Hereby we outline two methods for assessment, one of which requires ground-truth solutions to be provided a priori while the other does not. We shall present results which confirm that both methods are valid and proceed to calculating their sensitivities. We find that the method which requires ground-truth solutions is not as sensitive as the method which requires nothing but the raw images and the corresponding deformation fields, i.e. the registration.
The first among the methods to be described relies on the existence of ground-truth data such as boundaries of image structures, produced by manual markup of distinguishable points. Having registered an image set, the method can measure overlap between structures that have been annotated, thereby implying how good a registration was.
Our latter method is able to assess registration without ground truth of any form. The approach involves automatic construction of appearance models from the registered data, subsequently evaluating, using model syntheses, the quality of that model. Quality of the registration is tightly-related to the quality of its resulting model and the two tasks, namely model construction and image registration, are innately the same one. Both involve the identification of corresponding points, also known as landmarks in the context of model-building. Expressed differently, a registration produces a dense set of correspondences and models of appearance require the images and these correspondences in order to be built.

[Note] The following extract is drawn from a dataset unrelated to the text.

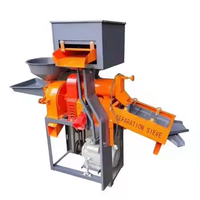 Nouvelle Machine à Décortiquer le Riz Automatique 220V, Petit Modèle Domestique Multifonctionnel, Élimination des Pierres par Vibration, Broyage et Épluchage des Grains, Moteur à Noyau Robuste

To put the validity of both methods to the test, we assembled a set of 2-D 38 MR images of the brain. Each of these images was carefully annotated to identify different compartments within the brain. These anatomical compartments can be perceived as simplified labels that faithfully define the structure of the brain. Our first method of assessment uses the Tanimoto overlap measure to calculate the degree to which labels across the image set concur. In that respect, it exploits ground truth, which has been identified by an expert, to reason about registration quality.
The second method takes an entirely different approach. It feeds on the results of a registration algorithm, where correspondences have been highlighted, and builds an appearance model given the images and their correspondences. From that model, many synthetic brain images are derived. Vectorisation of these images allows us to embed them in a high-dimensional space. We can then compare the spatial cloud that these synthetic images form with the cloud that gets composed from the original image set – the set from which the model has been build. Computing the overlap between these clouds gives insight into the quality of the registration. Simply put, it is a model fit evaluation paradigm. The better the registration, the greater the overlap between those clouds will be.
To compute overlap between two clouds of data, we have devised measures that we refer to as Specificity and Generalisablity. The former tells how well the model fits its seminal data, whereas the latter tells how well the data fits its derived model. It is a reciprocal relationship that 'locks' data to its model and vice versa. We calculate Specificity and Generalisablity by measuring distances in space. As we seek a distance measure that is tolerant to slight anatomical differences, we use the shuffle distance, not neglecting to compare it against Euclidean distance. The shuffle distance compares each point in one image with a larger corresponding region in another image. It adheres to the best fit, i.e. matches the two points whose distance is minimal.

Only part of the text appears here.